◆ Information supplied:
■ ■ ■ ■

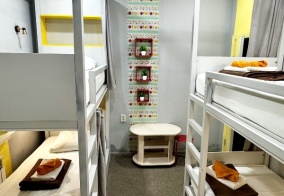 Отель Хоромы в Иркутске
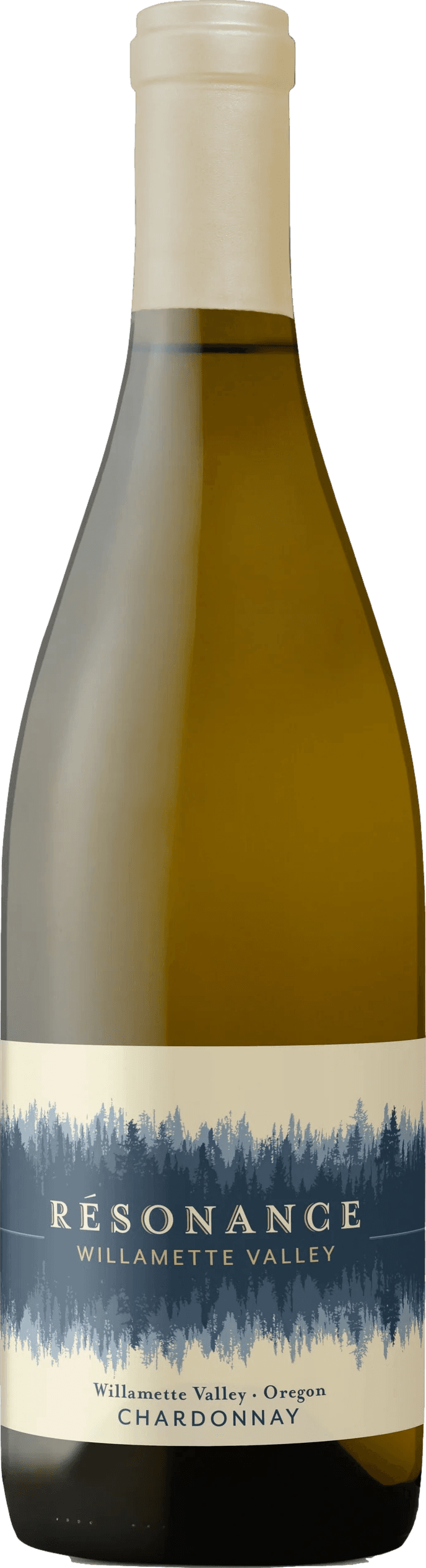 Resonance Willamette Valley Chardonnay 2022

■ ■ ■ ■

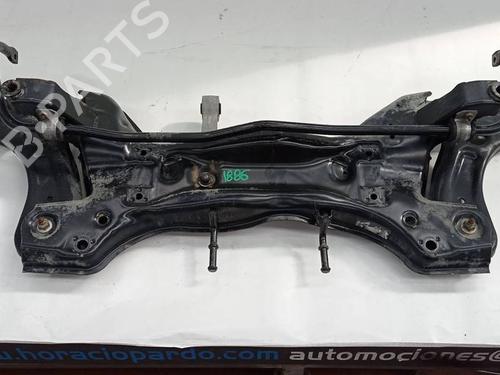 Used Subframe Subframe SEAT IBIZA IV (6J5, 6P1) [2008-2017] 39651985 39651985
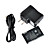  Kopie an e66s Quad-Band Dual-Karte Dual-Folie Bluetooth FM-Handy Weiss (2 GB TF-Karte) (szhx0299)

■ ■ ■ ■

◆ Task:
Go to the line above that has "Отель Хоромы в Иркутске" and copy exactly from there down to the line that has "Resonance Willamette Valley Chardonnay 2022", both included. Leave the pictures out.

◆ Solution for this task:
 Отель Хоромы в Иркутске
 Resonance Willamette Valley Chardonnay 2022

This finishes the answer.